§ What is needed:
Output the run of lines that opens with the first line of the material below and closes with the line containing "MuhNa 10pcs Animal", both included, and drop the pictures.

§ Available data:
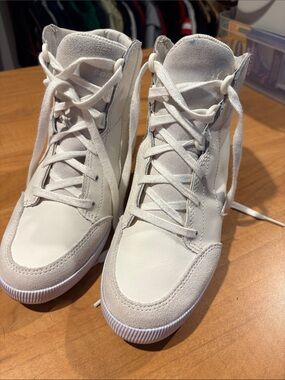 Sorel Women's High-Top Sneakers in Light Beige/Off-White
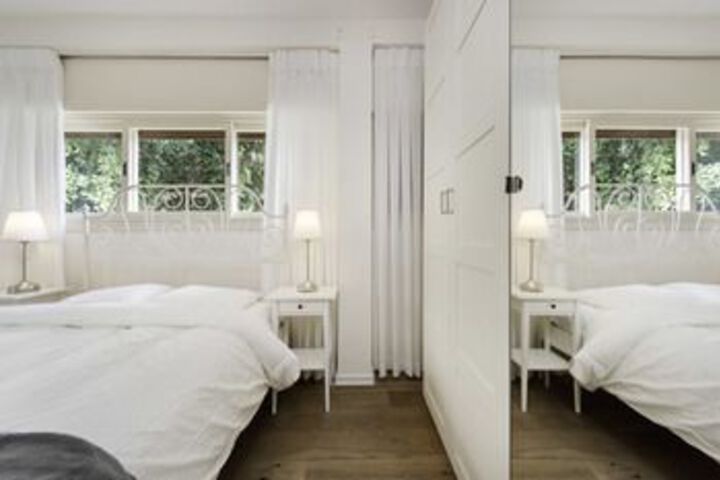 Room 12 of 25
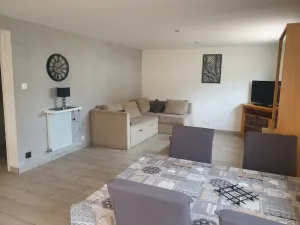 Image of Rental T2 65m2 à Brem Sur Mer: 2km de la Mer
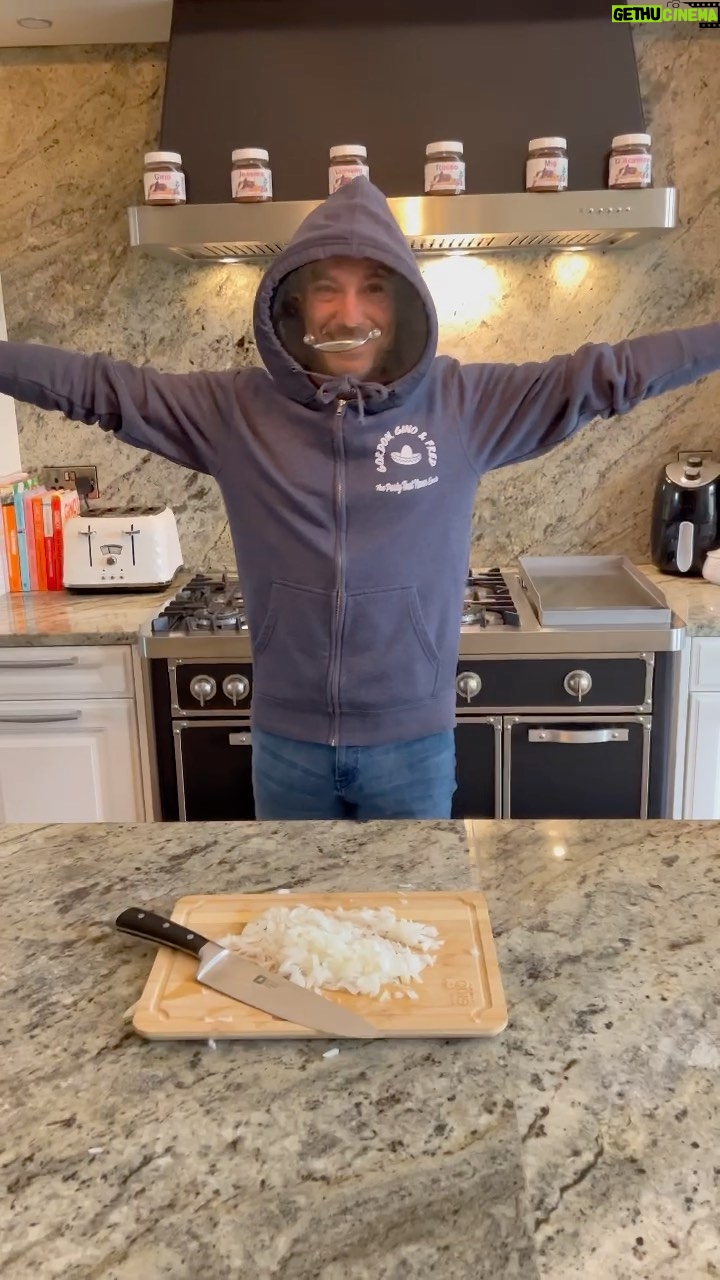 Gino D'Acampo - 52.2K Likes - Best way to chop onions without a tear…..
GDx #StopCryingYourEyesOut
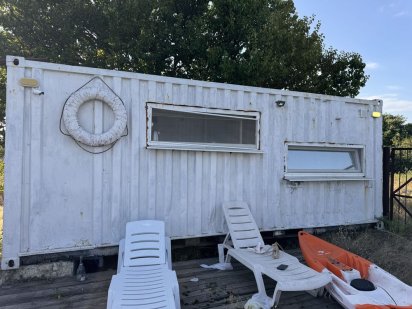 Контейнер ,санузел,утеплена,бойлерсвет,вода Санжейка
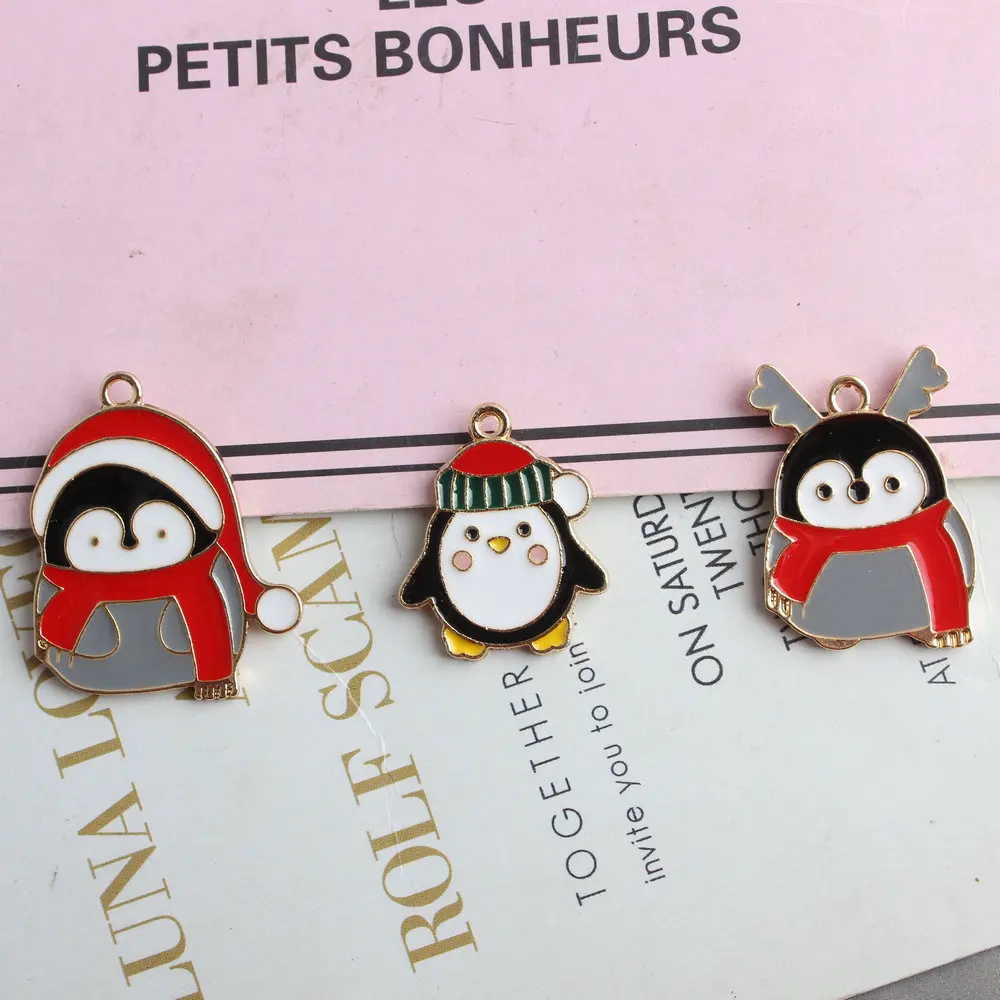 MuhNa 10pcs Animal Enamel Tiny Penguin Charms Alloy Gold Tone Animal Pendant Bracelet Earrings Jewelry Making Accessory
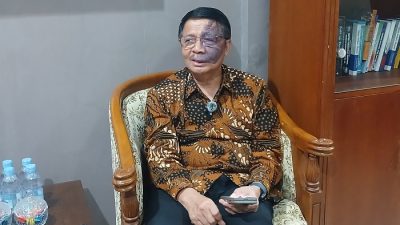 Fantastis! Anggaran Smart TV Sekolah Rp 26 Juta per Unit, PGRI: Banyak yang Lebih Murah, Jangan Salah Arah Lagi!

§ Problem solution:
 Sorel Women's High-Top Sneakers in Light Beige/Off-White
 Room 12 of 25
 Image of Rental T2 65m2 à Brem Sur Mer: 2km de la Mer
 Gino D'Acampo - 52.2K Likes - Best way to chop onions without a tear…..
GDx #StopCryingYourEyesOut
 Контейнер ,санузел,утеплена,бойлерсвет,вода Санжейка
 MuhNa 10pcs Animal Enamel Tiny Penguin Charms Alloy Gold Tone Animal Pendant Bracelet Earrings Jewelry Making Accessory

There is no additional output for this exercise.